**Work to be completed:**
With both ends included, repeat exactly the lines of the entries below from the one containing "Eik / Svart BM" down to the one containing "Courtney High Neck", and no others.

**Extracted data:**
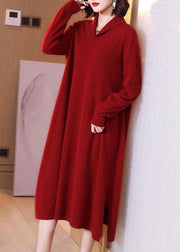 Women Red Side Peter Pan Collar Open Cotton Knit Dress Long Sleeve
--
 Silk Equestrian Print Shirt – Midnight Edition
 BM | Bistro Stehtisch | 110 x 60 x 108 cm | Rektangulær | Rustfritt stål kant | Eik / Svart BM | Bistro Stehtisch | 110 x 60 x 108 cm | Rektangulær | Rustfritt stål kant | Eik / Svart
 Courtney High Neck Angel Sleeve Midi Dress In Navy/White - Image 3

**Exercise answer:**
 BM | Bistro Stehtisch | 110 x 60 x 108 cm | Rektangulær | Rustfritt stål kant | Eik / Svart BM | Bistro Stehtisch | 110 x 60 x 108 cm | Rektangulær | Rustfritt stål kant | Eik / Svart
 Courtney High Neck Angel Sleeve Midi Dress In Navy/White - Image 3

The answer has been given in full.